Copy out the entries below exactly as they stand, but only from the line containing "Rhiannon and Colby&apos;s" through the line containing "3 chambre Villa/Maison".

(Short text fragments from websites)
■ ■ ■

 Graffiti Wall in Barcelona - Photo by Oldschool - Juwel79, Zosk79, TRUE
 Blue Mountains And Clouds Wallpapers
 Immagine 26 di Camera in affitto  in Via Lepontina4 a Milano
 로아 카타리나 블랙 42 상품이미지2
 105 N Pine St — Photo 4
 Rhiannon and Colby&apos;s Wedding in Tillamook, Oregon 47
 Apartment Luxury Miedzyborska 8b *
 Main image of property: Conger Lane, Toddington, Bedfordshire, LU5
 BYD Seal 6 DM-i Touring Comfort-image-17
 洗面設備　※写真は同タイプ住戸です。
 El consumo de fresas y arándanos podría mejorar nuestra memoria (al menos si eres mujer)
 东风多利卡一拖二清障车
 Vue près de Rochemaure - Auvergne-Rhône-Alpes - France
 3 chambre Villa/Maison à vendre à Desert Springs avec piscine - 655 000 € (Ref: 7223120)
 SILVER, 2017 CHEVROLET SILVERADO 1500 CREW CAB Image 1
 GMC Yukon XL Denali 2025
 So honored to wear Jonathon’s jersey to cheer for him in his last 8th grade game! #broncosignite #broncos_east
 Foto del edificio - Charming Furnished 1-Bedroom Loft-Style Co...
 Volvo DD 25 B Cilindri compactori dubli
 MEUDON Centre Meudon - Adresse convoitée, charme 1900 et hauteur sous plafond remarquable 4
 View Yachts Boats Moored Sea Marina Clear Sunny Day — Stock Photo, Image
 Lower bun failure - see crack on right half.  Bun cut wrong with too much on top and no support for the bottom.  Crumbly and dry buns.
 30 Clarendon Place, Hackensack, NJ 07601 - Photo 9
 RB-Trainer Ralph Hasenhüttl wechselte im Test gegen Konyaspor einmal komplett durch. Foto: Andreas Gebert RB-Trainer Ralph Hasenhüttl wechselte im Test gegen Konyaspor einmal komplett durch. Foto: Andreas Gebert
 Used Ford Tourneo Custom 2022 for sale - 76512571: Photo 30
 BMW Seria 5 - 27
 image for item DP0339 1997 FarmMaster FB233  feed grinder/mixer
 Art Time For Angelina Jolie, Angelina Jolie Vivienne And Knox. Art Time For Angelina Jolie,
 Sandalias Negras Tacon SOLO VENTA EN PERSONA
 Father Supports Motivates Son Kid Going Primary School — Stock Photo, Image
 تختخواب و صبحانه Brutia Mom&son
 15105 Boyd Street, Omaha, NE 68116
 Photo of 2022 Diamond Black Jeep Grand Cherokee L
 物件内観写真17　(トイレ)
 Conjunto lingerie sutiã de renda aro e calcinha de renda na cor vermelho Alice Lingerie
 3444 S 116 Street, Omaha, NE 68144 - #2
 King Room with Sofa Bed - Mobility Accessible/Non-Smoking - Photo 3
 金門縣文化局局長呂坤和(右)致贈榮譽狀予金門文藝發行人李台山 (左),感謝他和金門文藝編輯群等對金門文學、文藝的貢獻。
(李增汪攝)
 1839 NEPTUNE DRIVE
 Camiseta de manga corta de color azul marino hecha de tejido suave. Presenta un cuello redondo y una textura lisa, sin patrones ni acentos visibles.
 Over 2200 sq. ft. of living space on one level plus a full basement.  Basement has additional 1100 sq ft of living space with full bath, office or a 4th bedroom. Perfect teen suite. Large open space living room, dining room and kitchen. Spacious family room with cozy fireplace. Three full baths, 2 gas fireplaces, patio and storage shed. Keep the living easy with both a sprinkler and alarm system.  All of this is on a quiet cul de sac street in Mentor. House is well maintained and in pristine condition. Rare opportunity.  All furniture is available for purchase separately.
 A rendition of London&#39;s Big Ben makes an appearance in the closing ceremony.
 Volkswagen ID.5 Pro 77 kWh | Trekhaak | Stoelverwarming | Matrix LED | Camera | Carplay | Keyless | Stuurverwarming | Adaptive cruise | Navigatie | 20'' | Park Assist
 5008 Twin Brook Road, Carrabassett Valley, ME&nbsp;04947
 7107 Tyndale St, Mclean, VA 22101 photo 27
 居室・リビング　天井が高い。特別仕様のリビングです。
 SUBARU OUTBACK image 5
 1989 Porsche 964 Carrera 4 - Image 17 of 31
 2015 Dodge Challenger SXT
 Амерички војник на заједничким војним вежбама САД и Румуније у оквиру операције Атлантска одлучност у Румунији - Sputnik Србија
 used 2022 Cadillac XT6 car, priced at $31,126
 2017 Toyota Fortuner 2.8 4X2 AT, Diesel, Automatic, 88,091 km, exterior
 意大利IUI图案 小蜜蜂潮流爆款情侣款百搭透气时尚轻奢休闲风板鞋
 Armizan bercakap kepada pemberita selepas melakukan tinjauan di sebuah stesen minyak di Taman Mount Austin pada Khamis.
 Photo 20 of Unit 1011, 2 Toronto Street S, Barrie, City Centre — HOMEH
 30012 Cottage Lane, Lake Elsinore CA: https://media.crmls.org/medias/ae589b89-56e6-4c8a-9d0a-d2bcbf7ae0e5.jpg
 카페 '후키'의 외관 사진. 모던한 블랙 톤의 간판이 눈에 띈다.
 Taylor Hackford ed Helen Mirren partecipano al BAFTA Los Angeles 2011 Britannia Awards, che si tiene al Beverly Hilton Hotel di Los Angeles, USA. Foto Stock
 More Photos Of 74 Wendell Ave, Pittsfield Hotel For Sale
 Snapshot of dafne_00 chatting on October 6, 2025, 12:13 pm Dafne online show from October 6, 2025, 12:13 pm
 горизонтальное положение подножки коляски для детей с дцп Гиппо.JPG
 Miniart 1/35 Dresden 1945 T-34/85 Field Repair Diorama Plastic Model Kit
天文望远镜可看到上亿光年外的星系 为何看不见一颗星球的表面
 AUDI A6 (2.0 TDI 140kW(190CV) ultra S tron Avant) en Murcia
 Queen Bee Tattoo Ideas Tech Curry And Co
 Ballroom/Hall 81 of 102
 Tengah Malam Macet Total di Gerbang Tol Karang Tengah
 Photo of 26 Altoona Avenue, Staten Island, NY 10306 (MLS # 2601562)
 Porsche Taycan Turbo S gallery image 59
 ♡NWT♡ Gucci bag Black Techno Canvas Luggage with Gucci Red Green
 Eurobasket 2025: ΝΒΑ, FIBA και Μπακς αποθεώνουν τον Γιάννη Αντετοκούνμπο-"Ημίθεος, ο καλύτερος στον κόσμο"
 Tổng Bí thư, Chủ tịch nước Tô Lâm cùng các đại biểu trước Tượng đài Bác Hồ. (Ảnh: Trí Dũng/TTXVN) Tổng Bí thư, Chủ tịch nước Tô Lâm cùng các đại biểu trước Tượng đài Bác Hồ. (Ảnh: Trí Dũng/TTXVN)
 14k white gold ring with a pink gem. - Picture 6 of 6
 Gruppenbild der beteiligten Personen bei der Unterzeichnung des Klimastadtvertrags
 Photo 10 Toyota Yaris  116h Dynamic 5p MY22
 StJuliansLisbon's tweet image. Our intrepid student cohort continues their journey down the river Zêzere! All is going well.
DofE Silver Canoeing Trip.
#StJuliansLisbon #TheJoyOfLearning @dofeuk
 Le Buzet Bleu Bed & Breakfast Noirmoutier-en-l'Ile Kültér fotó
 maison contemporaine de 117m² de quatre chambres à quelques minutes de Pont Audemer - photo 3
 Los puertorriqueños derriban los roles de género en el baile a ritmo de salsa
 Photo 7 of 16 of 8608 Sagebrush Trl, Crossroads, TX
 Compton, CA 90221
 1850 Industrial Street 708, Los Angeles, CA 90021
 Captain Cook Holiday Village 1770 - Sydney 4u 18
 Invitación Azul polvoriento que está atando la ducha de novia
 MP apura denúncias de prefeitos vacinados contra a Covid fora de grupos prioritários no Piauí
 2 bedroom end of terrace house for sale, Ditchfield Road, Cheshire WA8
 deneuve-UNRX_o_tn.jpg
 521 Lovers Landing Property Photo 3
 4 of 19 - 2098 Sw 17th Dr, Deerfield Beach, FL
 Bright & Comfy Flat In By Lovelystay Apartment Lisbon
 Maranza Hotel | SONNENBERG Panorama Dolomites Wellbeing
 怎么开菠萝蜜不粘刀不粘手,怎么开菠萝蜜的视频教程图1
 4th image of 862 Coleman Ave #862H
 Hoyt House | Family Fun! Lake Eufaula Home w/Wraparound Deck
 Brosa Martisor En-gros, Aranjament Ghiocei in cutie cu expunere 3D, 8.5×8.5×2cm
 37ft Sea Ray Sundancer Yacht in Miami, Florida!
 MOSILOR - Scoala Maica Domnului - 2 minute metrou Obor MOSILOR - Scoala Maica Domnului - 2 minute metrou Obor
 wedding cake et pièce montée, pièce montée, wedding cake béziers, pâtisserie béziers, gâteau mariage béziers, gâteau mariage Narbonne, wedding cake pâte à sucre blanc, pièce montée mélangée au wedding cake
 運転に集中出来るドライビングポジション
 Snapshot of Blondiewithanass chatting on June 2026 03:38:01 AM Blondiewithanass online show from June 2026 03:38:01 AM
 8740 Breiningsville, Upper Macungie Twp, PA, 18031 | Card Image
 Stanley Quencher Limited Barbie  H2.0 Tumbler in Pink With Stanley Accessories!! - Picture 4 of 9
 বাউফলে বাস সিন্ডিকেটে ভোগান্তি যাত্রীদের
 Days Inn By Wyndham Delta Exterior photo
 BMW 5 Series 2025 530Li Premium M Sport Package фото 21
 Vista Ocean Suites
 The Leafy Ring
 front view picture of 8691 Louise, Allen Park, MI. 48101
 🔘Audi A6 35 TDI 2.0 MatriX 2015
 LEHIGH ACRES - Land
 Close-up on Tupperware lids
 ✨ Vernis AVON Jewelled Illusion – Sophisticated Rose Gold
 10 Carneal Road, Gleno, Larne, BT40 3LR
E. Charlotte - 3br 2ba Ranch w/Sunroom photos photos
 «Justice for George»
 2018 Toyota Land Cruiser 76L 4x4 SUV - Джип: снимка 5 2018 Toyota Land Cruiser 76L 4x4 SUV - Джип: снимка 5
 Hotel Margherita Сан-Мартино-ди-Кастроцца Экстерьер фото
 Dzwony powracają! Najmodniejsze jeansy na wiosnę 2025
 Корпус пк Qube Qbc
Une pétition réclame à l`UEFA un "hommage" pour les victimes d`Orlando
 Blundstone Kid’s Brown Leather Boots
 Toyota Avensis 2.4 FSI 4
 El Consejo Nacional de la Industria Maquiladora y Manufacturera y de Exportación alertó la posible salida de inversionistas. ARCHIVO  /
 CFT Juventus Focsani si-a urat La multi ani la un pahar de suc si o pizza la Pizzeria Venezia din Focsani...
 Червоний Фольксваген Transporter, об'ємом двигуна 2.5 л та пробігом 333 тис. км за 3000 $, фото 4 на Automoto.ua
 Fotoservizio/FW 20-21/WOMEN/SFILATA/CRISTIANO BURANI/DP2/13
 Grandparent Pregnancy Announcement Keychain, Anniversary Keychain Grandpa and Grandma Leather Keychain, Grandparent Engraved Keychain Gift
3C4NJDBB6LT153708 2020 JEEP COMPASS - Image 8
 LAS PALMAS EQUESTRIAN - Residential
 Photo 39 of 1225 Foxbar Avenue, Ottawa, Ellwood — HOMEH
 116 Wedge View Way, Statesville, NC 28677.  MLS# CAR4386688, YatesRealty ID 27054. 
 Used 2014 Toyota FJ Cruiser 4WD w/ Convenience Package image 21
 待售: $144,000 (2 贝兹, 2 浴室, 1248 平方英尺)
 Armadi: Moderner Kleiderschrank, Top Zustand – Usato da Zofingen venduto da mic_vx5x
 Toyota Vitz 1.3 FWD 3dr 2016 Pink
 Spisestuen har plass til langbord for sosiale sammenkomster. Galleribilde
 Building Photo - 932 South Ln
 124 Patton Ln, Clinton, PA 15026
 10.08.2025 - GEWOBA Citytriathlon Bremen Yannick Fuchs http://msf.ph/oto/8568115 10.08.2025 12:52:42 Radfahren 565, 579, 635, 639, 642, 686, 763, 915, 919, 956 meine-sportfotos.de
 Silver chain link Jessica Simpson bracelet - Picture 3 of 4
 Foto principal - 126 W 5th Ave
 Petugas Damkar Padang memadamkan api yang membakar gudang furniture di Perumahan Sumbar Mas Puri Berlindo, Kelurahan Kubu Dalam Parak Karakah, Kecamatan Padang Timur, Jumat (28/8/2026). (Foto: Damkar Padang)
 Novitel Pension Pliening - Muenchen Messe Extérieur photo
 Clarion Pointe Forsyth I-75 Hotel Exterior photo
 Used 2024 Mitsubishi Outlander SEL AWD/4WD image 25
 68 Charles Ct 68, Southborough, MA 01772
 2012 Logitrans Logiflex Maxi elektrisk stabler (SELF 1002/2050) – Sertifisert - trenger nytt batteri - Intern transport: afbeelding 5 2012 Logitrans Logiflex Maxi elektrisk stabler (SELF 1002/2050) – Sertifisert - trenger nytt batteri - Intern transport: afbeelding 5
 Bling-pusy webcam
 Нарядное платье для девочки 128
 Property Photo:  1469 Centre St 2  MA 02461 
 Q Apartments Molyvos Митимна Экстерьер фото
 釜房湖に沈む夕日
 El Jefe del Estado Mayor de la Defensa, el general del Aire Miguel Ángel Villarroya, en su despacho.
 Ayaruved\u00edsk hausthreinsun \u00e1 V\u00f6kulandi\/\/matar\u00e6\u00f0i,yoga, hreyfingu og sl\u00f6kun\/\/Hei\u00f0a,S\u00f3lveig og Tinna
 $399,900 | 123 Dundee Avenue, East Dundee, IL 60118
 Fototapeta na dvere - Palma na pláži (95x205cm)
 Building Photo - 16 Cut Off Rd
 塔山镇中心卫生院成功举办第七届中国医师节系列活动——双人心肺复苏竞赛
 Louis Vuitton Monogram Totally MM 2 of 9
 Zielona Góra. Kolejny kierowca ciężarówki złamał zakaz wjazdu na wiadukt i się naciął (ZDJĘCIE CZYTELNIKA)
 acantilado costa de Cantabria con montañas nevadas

■ ■ ■

### Response area
 Rhiannon and Colby&apos;s Wedding in Tillamook, Oregon 47
 Apartment Luxury Miedzyborska 8b *
 Main image of property: Conger Lane, Toddington, Bedfordshire, LU5
 BYD Seal 6 DM-i Touring Comfort-image-17
 洗面設備　※写真は同タイプ住戸です。
 El consumo de fresas y arándanos podría mejorar nuestra memoria (al menos si eres mujer)
 东风多利卡一拖二清障车
 Vue près de Rochemaure - Auvergne-Rhône-Alpes - France
 3 chambre Villa/Maison à vendre à Desert Springs avec piscine - 655 000 € (Ref: 7223120)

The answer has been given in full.